Originally when I was playing around with this problem, I tried to first find a function who was differentiable, but whose derivative was not differentiable at a specific point. So I figured out the piecewise function $x^2$ for x > 0 and 0 for x $\leq$ 0 satisfied my conditions. However, I need this to be on the interval (0, 2) so I thought, I could just shift the graph over by 1 and change where the graph switches from 0 to 1. So I have $(x-1)^2$ for x > 1 and 0 for x $\leq$ 1. But now I need to change this to be a function who is nondifferentiable on (0, 2) and still has an antiderivative on (0, 2). So I just took the derivatives of the two pieces of my function to finally get $2(x-1)$ for x > 1 and 0 for x $\leq$ 1. However, I was trying to check this by using the limit definition of the derivative, and I'm not sure my example works. Can someone clarify?

Answer 1

Your approach is admirable, but I think that you're overthinking this.

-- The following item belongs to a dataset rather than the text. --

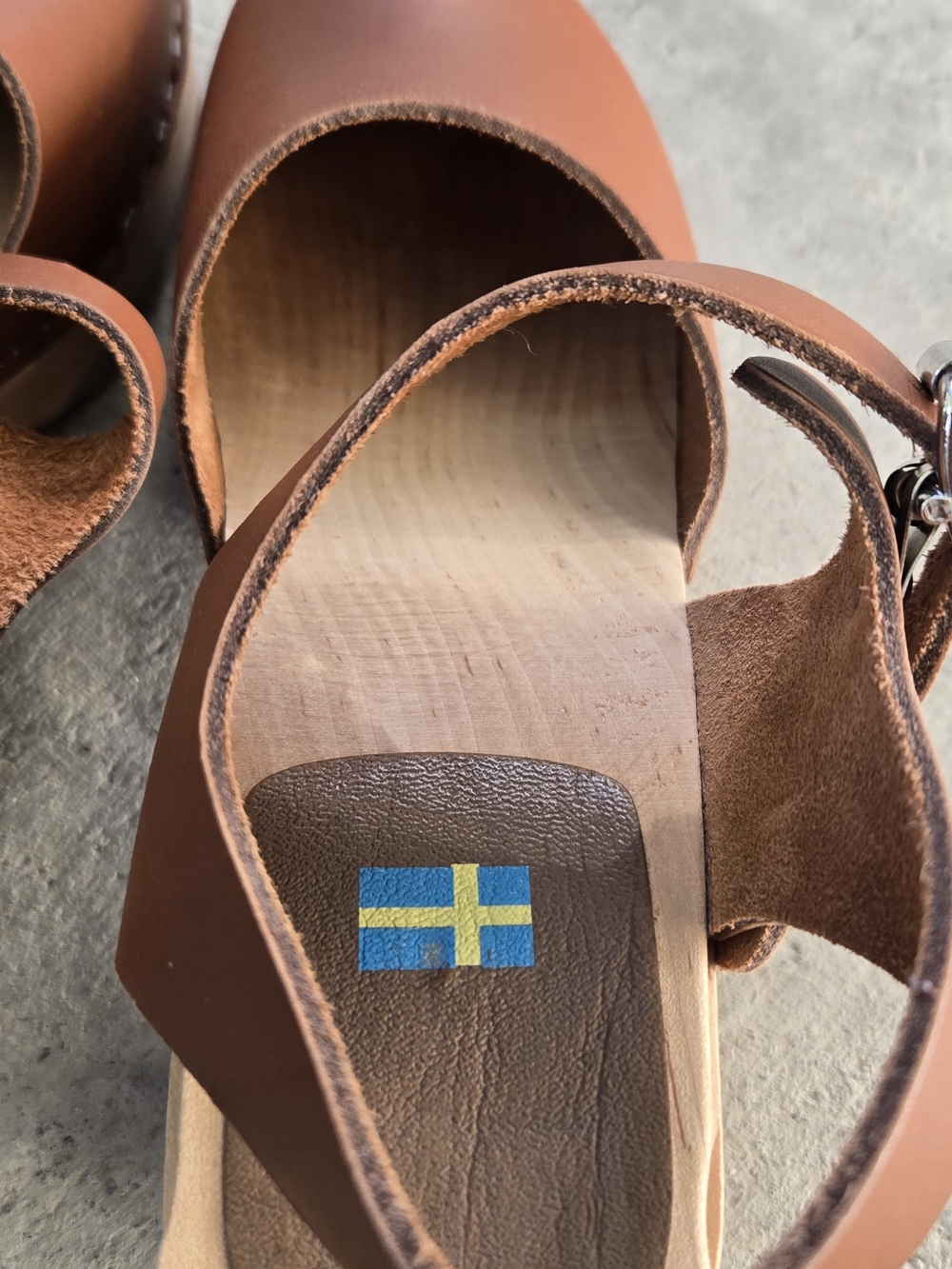 MIA Chestnut Brown Leather Clog Sandals with Buckle Strap - Picture 8 of 9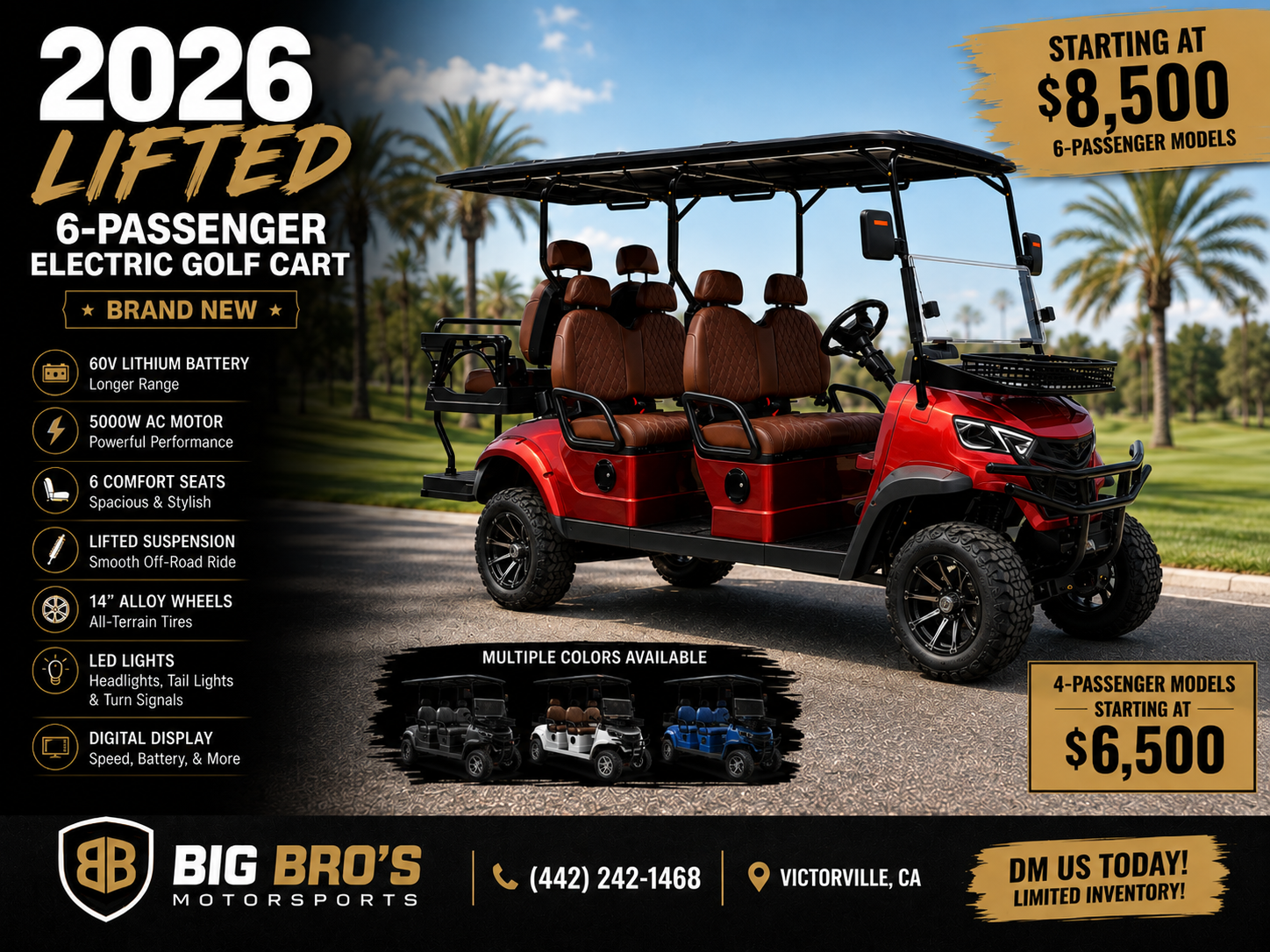 2026 Lifted 6-Passenger Electric Golf Cart — Red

The function $$ f(x) = |x-1| = \begin{cases} 1-x& x < 1\\ x - 1 & x \geq 1 \end{cases} $$ Is not differentiable in $(0,2)$ (since it is not differentiable at $x=1$), but has an antiderivative (since it is continuous on $(0,2)$).

Answer 2

Your example of $(x-1)^2$ for $x \gt 1$ and zero otherwise does not work as its derivative at $x=1$ is zero and so it has a derivative everywhere.

But $2(x-1)$ for $x \gt 1$ and zero otherwise does work as it has no derivative when $x=1$ but it has an anti-derivative the previous function.

If you want a continuous function that has no derivative anywhere but has an antiderivative, try the Weierstrass function $$f(x)=\sum_{n=0} ^\infty a^n \cos(b^n \pi x)$$ where $0\lt a \lt 1$, $b$ is a positive odd integer, and $ab \gt 1+\frac{3}{2} \pi$.